Não se pode negar que o capitalismo não só libertou o homem dos grilhões tradicionais como igualmente contribuiu para o incremento da liberdade positiva, para a ampliação de ego ativo, critico e responsável. No entanto, se bem que esse fosse um dos efeitos do capitalismo sobre a marcha da liberdade em expansão, ao mesmo tempo tornou o indivíduo cada vez mais isolado, solitário e imbuído de uma sensação de insignificância e impotência. No capitalismo, a atividade econômica, o sucesso, as vantagens materiais passam a ser fins em si mesmos. O destino do homem torna-se contribuir para o crescimento do sistema econômico, ajuntar capital, não tendo em vista sua própria felicidade, mas como uma finalidade última. Converteu-se em um dente da engrenagem da vasta máquina econômica. O homem construiu seu mundo: ergue fábricas e casas, produz automóveis e roupas, cultiva grãos e frutos. Porém, alienou-se do produto de suas próprias mãos, não é mais, de fato, o senhor do mundo que construiu. Tornou-se um instrumento para fins da própria máquina concebida por suas mãos. A concentração de capital (não de riqueza) em certos setores do nosso sistema econômico restringiu as possibilidades de êxito da iniciativa, coragem e inteligência individuais. Ter um emprego, qualquer que seja, parece a muitos ser tudo o que podem desejar da vida e devem ser gratos por isso. O homem foi engolido por sua criação. Mas ele precisa de um significado, de uma identidade pessoal e de um pouco de autoestima. Sua sensação de pertencimento foi absorvida pelo sistema. As principais rotas sociais de fuga do isolamento, solidão e desamparo é submeter-se a uma liderança religiosa, política ou econômica, além do conformismo compulsivo que prevalece em nossa própria democracia pelas dificuldades de efetivamente participar da vida social. Em um esforço para escapar à solidão e à impotência cidadã, estamos dispostos a nos descartar do nosso EU, seja se submetendo a novas formas de autoridade, seja nos conformando compulsivamente com padrões aceitos e ditados pelo sistema. Estamos prontos a aceitar um “auxiliar mágico” a que se refere Erich Fromm em seu livro “O Medo à Liberdade”, diante da incapacidade de expressar plenamente as próprias potencialidades. Tudo é ditado pelo mercado, até seu estilo de vida.
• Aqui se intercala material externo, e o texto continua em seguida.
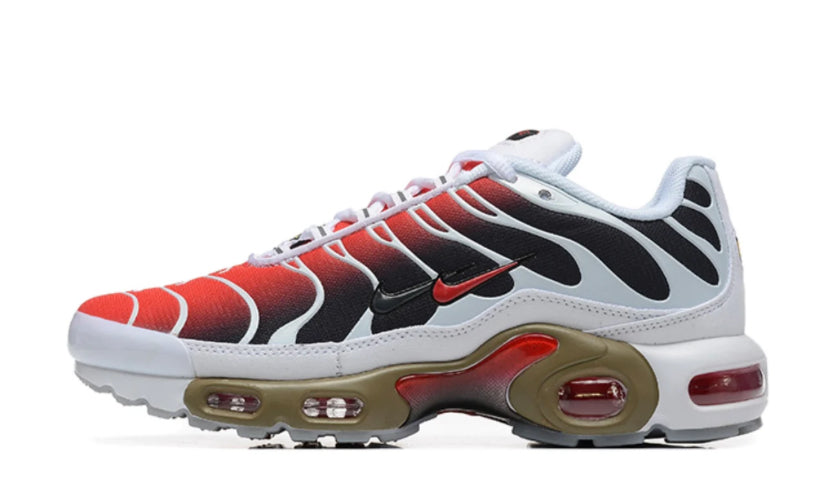 Air Max Plus Patta FC Barcelona White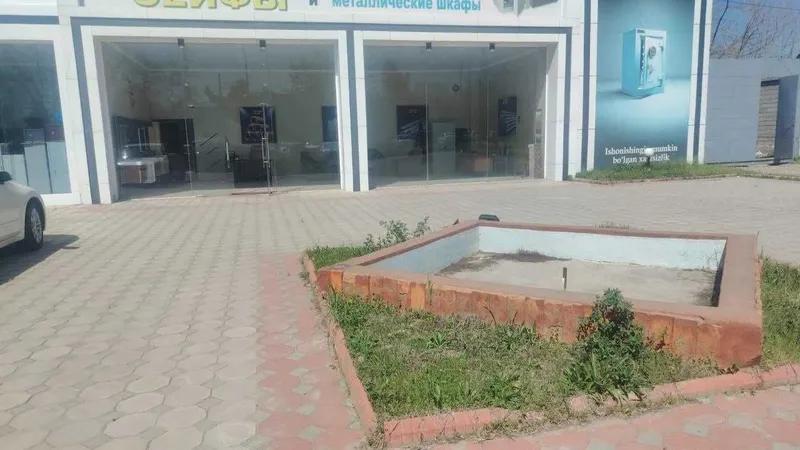 Аренда магазин + склад — фото 2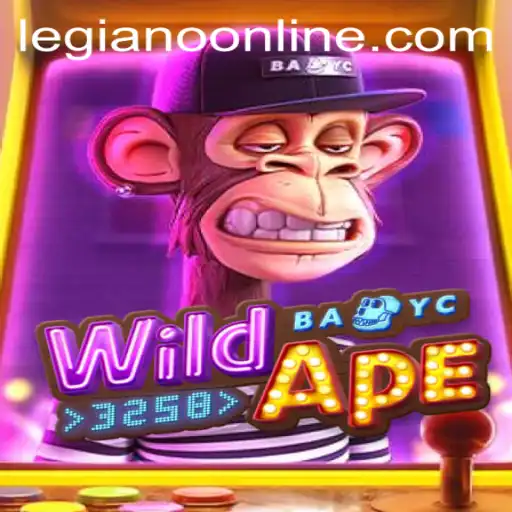 Exploring The Thrilling World of WildApe3258: Unleash Your Inner Legiano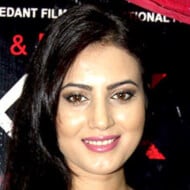 Anusmriti Sarkar, 30 (电影女演员)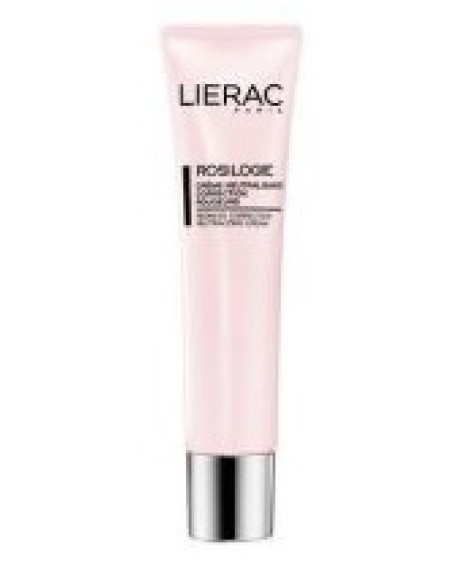 LIERAC ROSILOGIE CREMA NEUTRAL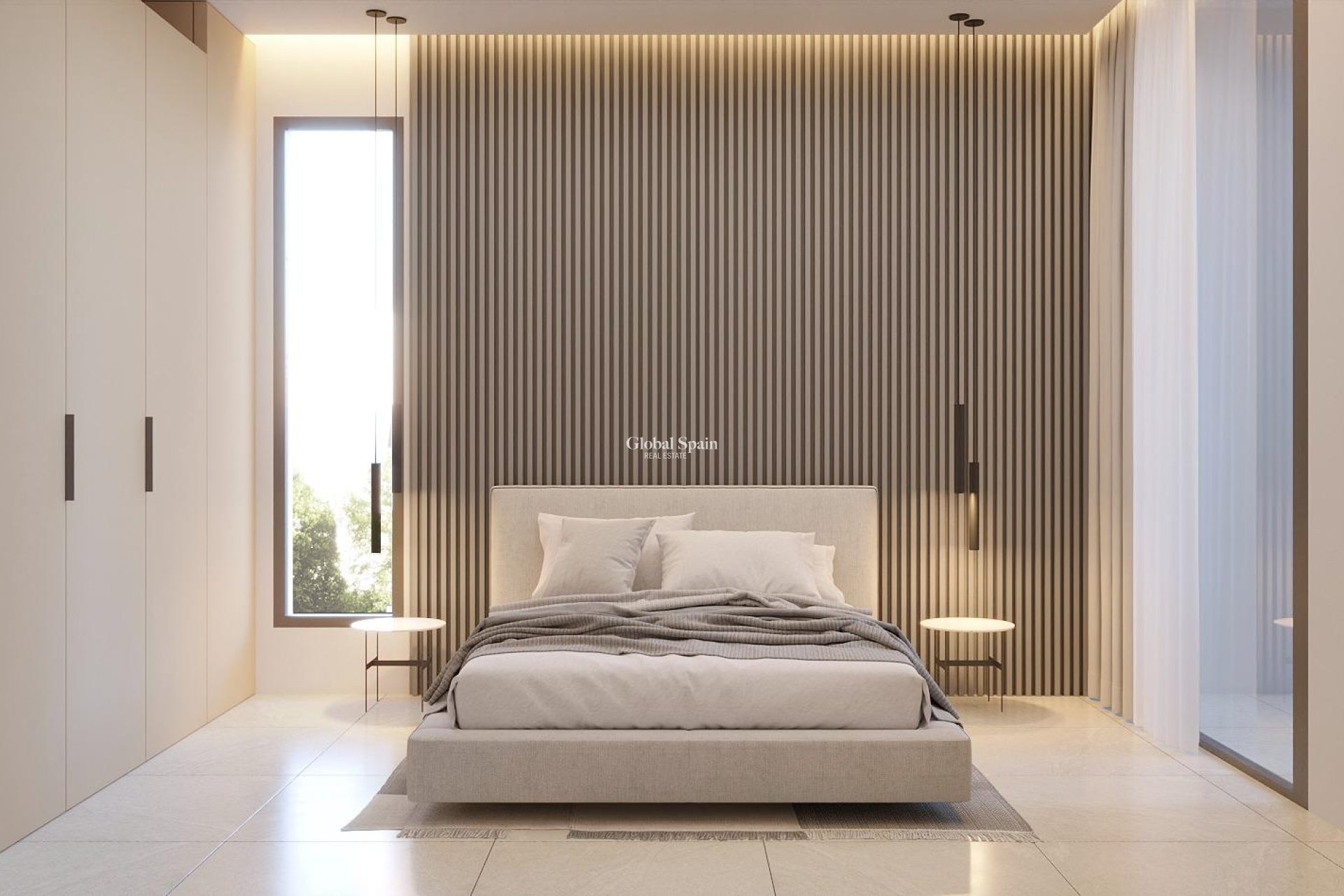 Neubau - PENTHOUSE -
La Nucía - Puerto Azul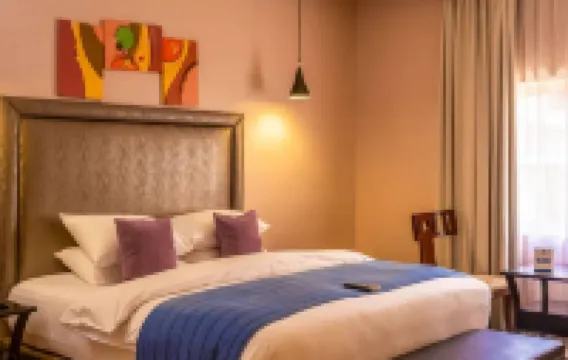 Ace Premier Hotel Hotels near Nike Art Gallery, Abuja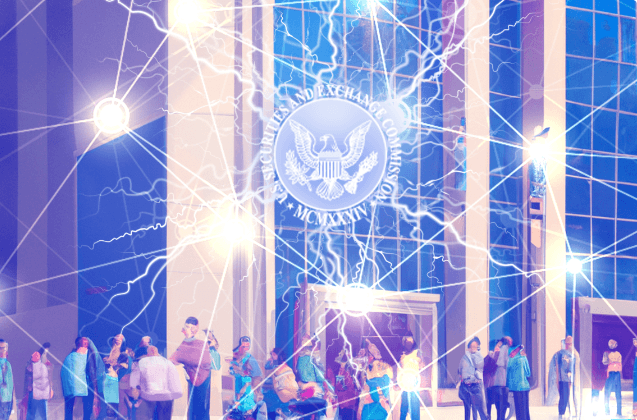 Wie die SEC-Kryptovorschriften mehr Rechenschaftspflicht und Transparenz auf den Markt bringen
Temos realmente liberdade de escolher nosso próprio modo de vida? A internet e seus graciosos brinquedos amenizam a solidão e o desamparo pessoal, que termina por ser um lugar interior que a pessoa encontra para dar um tempo e ver se encontra seu EU, sua autenticidade, sua originalidade de volta, pois até isso lhe foi tirado pela máquina. Reproduzimos tudo. Nossas ideias originais foram sufocadas em nome do bom funcionamento do sistema que reina absoluto sobre todos os destinos. Sinais de profundas mudanças incluem a insatisfação generalizada nas instituições porta-vozes do sistema. As coisas velhas ainda não morreram e coisas novas começam a surgir, algumas com alma retrô. Mas já é um movimento para sair do conformismo sufocante. As mudanças climáticas podem funcionar como uma catarse global em direção às mudanças que todos querem. Não pode o caos climático ser a vacina que despertará consciências?